An AI Odyssey, Part 2: Prompting Peril

I was working with a colleague recently on a project involving the use of the OpenAI API.

I brought up the idea that, perhaps it is possible to improve the accuracy of API response by modifying the API call to increase the amount of reasoning performed.

My colleague quickly asked ChatGPT if this was possible, and the answer came back “No, it’s not possible to do that.” then I asked essentially the same question to my own instance of ChatGPT, and the answer was, “Yes, you can do it, but you need to use the OpenAI Responses API.”

How did we get such different answers? Was it the wording of the prompt? Was it the custom instructions given in the account personalization, where you describe who you are and how you want ChatGPT to respond? Is it possibly different conversation history? Many factors could have contributed to the different response. Unfortunately, many of these factors are either not easily controllable at the user level or not convenient to change to alternatives in a protracted trial and error search.

I’ve had other times when I will first get a highly standardized, generic answer from ChatGPT, even in Thinking mode, that I know is not quite right or just seems off. Then when I push back, I may get a profoundly different answer.
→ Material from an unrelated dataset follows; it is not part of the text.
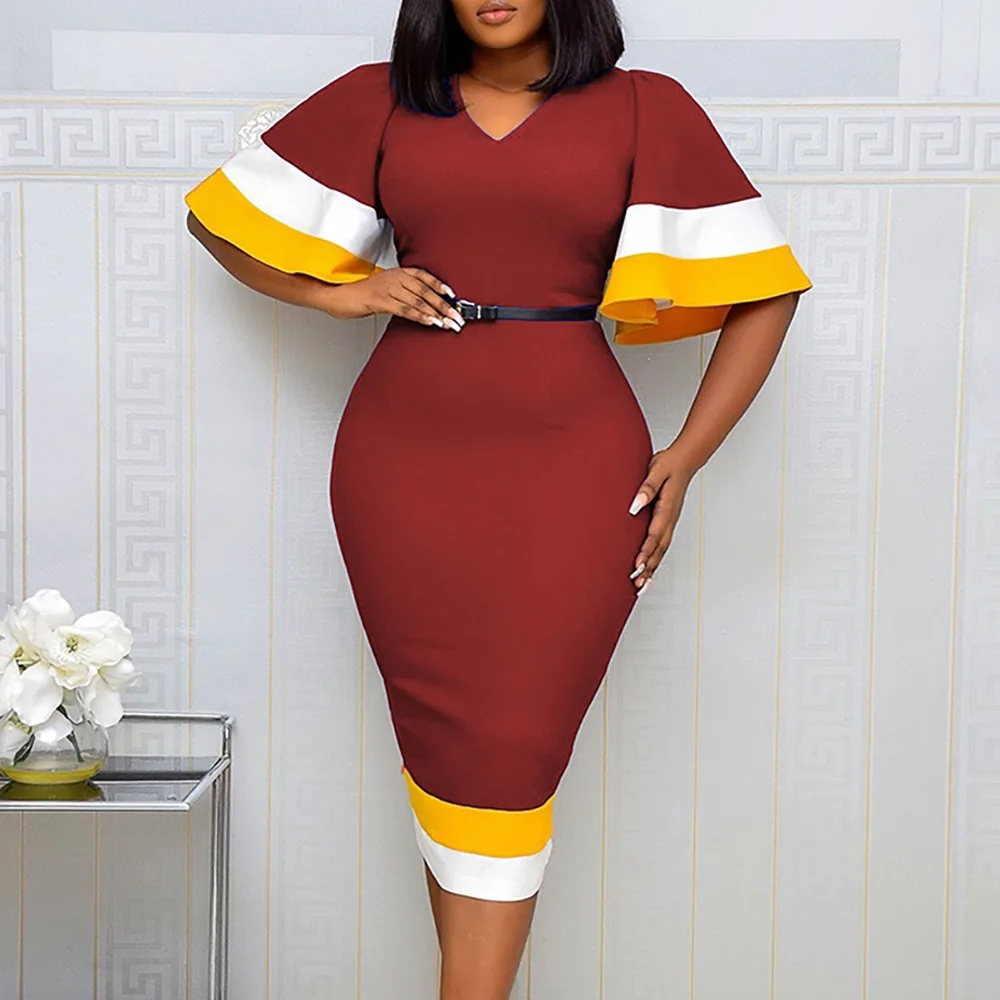 Cocktail Dresses Color Block Patchwork African Mid-Calf Women Dress Sexy V-Neck Half Sleeves Bodycon Ladies Party Dresss
Cocktail Dresses Color Block Patchwork African Mid-Calf Women Dress Sexy V-Neck Half Sleeves Bodycon Ladies Party Dresss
It’s simply a fact that large language models are conditional probabilistic systems that do not guarantee reproducibility in practice, even given the same inputs, even at temperature=0 [1]. Their outputs depend sensitively on prompt wording, context window contents, system instructions, and model configuration. Small differences in these inputs can yield substantially different outputs.

How well an AI chatbot responds can obviously have a massive impact on how effective the tool will be for your use case. Differences in responses could materially affect the outcome of your project. I take this as a wake-up call to be persistent, vigilant and flexible in attempts to obtain reliable answers from these new AI tools.

Notes

[1] (some) sources of nondeterminism: floating point / GPU nondeterminism, differing order of operations from distributed collectives, ties or near-ties in token probabilities, backend/infrastructure changes, model routing, hidden system prompt differences or tool availability.
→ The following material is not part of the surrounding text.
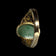 14K Yellow Gold Jadeite Cabochon Filigree Ring Size 8 3/4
4 thoughts on “An AI Odyssey, Part 2: Prompting Peril

  1. I have the same experience, especially with having the tools write code to query their own APIs. I have had good experience though with the newer tools and using web-search — you have the tool review the current codebase first, then ask a follow up question.
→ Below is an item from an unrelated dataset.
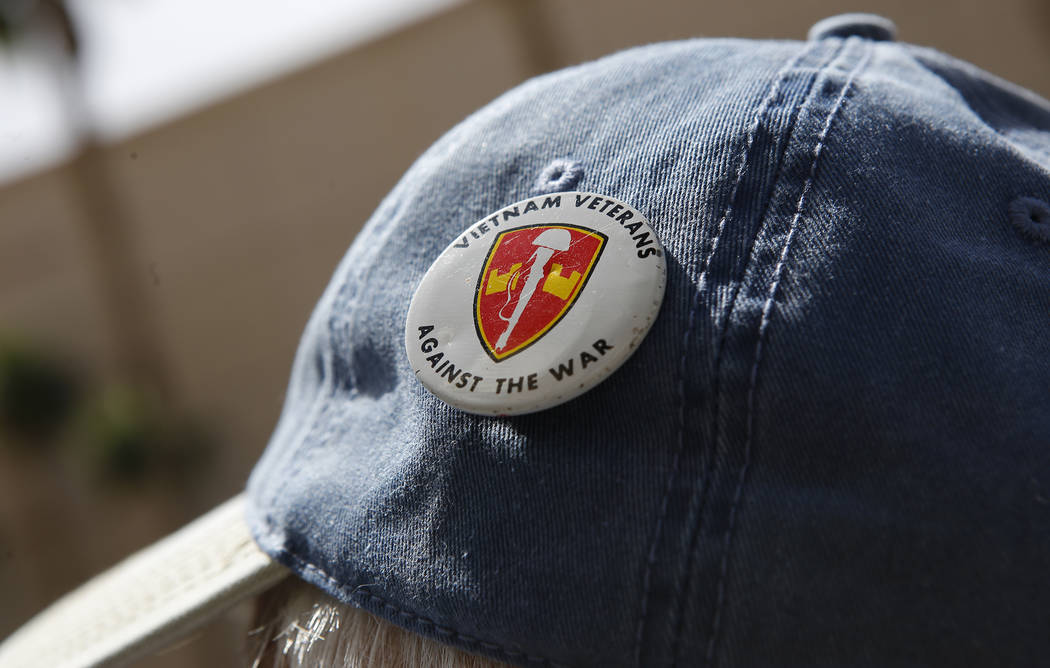 An anti-drone protester wears a pin on his hat at the Trump International Hotel on Thursday, April 27, 2017, in Las Vegas. Christian K. Lee Las Vegas Review-Journal @chrisklee_jpeg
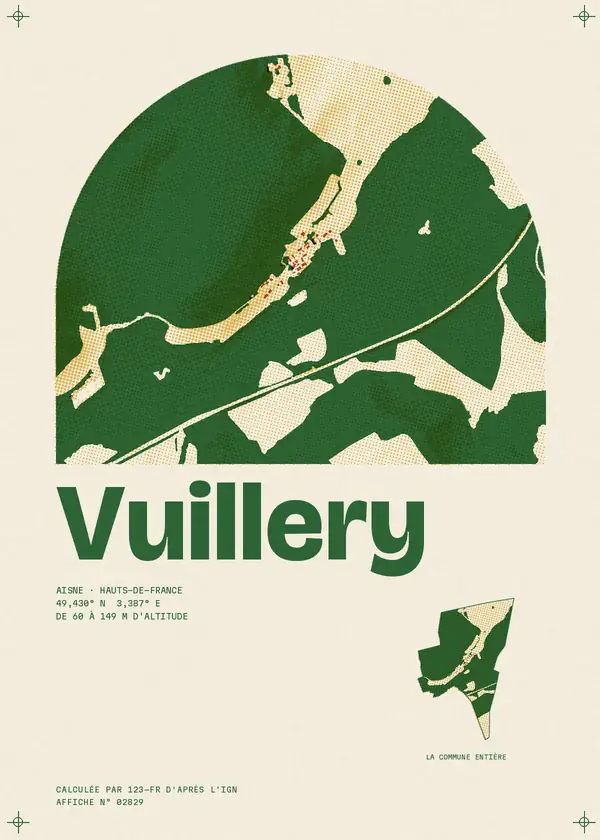 Affiche de Vuillery, calculée par 123-fr d'après l'IGN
  2. Transformer attention dynamics are inherently metastable.

    https://arxiv.org/abs/2512.01868

    Tokens organize into multi-cluster configurations and the metastability means small perturbations push the system into different basins, producing different outputs. The contradictory answers are saddle-basin crossings, not model failures. The “generic answer followed by a better answer after pushback” is the attractor pulling the system toward collapsed consensus, then perturbation forcing it back into a richer metastable state.

    An important social consequence is that the asymmetric cost of eliminating the KL divergence between the model and the users falls entirely on users. Unlike other expert systems with stable descriptions, an LLM’s effective distribution shifts between sessions, requiring repetitive payments of this asymmetric cost. Users have had to learn prompt engineering to adapt to the model.

    Formal verification cannot transfer to this setting because verification assumes a stable transition function. An LLM’s output is an interference sum over an astronomically large path space, sensitive to the full context window and infrastructure routing. No finite description exists to verify against.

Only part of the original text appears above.